如上图所示,变化周期大致为15(行/列像素),在宽高两个维度上图像 size 分别递减到第16个像素时分割效果会发生突变,并且往往能够回复最佳的分割效果。同时,在多个 paddleseg 提供的模型中(PPLiteSeg、FCN、MobileSeg、UNet...)均有此现象,就不赘述了,在其他模型中此变化周期可能不同。并且我在自己的数据集上也复现了同样的现象。

同时,我使用 pytorch 单独训练的模型(UNet)并没有出现这种周期性的偏移现象

下面是我的参数文件

batch_size: 2
iters: 10000

train_dataset:
  type: Dataset
  dataset_root: data/optic_disc_seg
  train_path: data/optic_disc_seg/train_list.txt
  num_classes: 2
  mode: train
  transforms:
    - type: RandomPaddingCrop
      crop_size: [512, 512]
      im_padding_value: 0
      label_padding_value: 0
    - type: RandomHorizontalFlip
    - type: RandomVerticalFlip
    - type: Normalize

val_dataset:
  type: Dataset
  dataset_root: data/optic_disc_seg
  val_path: data/optic_disc_seg/val_list.txt
  num_classes: 2
  mode: val
  transforms:
    - type: Normalize

optimizer:
  type: SGD
  momentum: 0.9
  weight_decay: 4.0e-5

lr_scheduler:
  type: PolynomialDecay
  learning_rate: 0.01
  end_lr: 0
  power: 1.0

loss:
  types:
    - type: OhemCrossEntropyLoss
      min_kept: 130000
    - type: OhemCrossEntropyLoss
      min_kept: 130000
    - type: OhemCrossEntropyLoss
      min_kept: 130000
  coef: [1, 1, 1]

model:
  type: MobileSeg
  backbone:
    type: MobileNetV3_large_x1_0  # out channels: [24, 40, 112, 160]
    pretrained: https://paddleseg.bj.bcebos.com/dygraph/backbone/mobilenetv3_large_x1_0_ssld.tar.gz
  cm_bin_sizes: [1, 2, 4]
  cm_out_ch: 128
  arm_out_chs: [32, 64, 128]
  seg_head_inter_chs: [32, 32, 32]

无其余代码改动。

复现环境 Environment

Bug描述确认 Bug description confirmation

是否愿意提交PR? Are you willing to submit a PR?
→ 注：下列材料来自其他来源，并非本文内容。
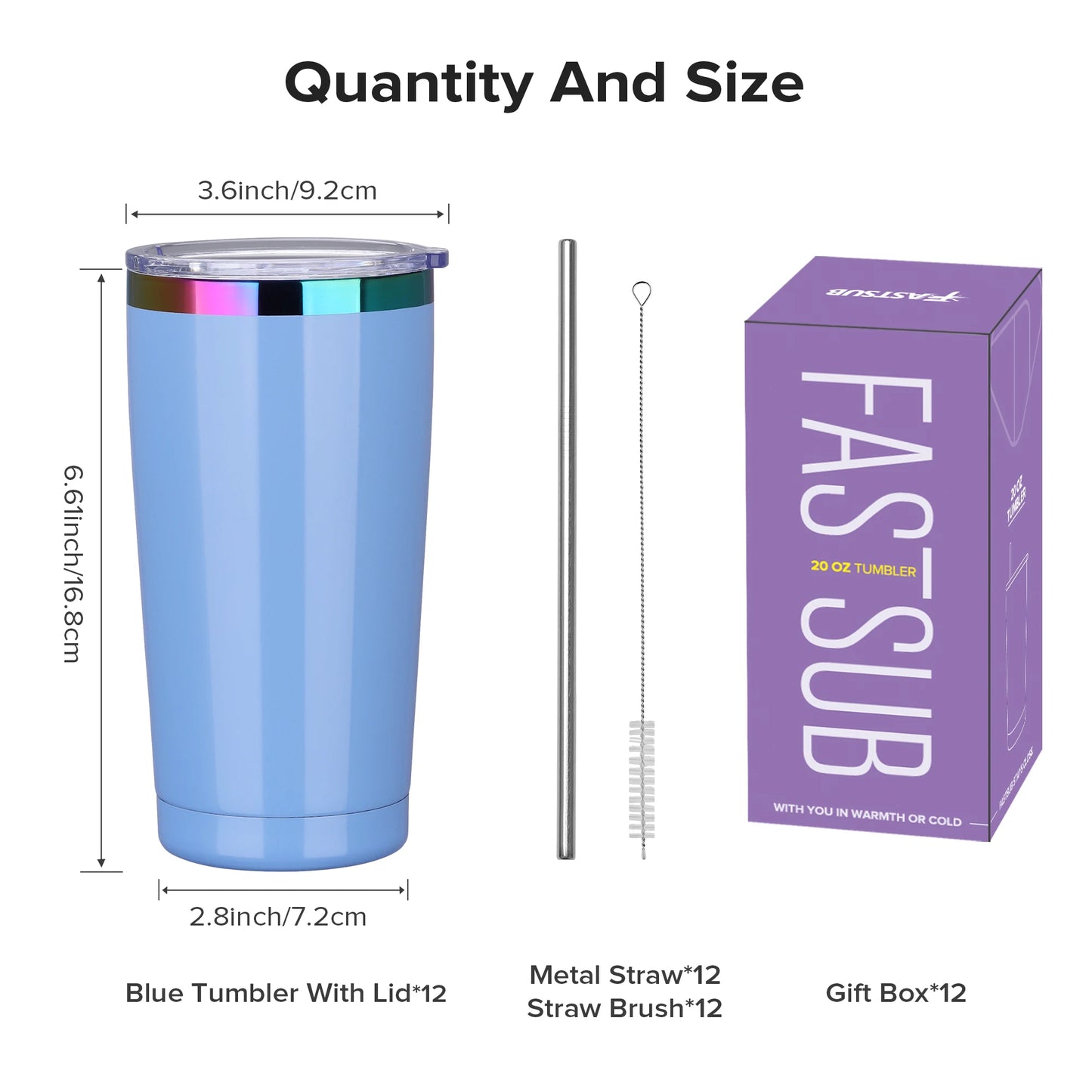 12 Pack 20 oz Stainless Steel Tumblers Bulk, Insulated Travel Cup with Lid, Fit Laser Engraving, Car Cupholder (Assorted Colors)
LHTcode commented 1 year ago

补充:我后来发现改善该问题的办法是在使用export.py脚本导出模型时设置--input_shape训练原图大小或者是分割偏移的周期峰值,但是如果我将--input_shape设置为偏移周期的谷底值,则会将谷底时的偏移现象固定下来

Asthestarsfalll commented 1 year ago

可能是下采样和上采样导致的偏差,请再检查一下torch版本的训练、推理是否一致。 另外此种对输入图像在宽高上连续变化的测试方法有什么根据吗?

LHTcode commented 1 year ago

torch版本的训练、推理和paddleseg的训练推理不一致,目前正在做一致的工作。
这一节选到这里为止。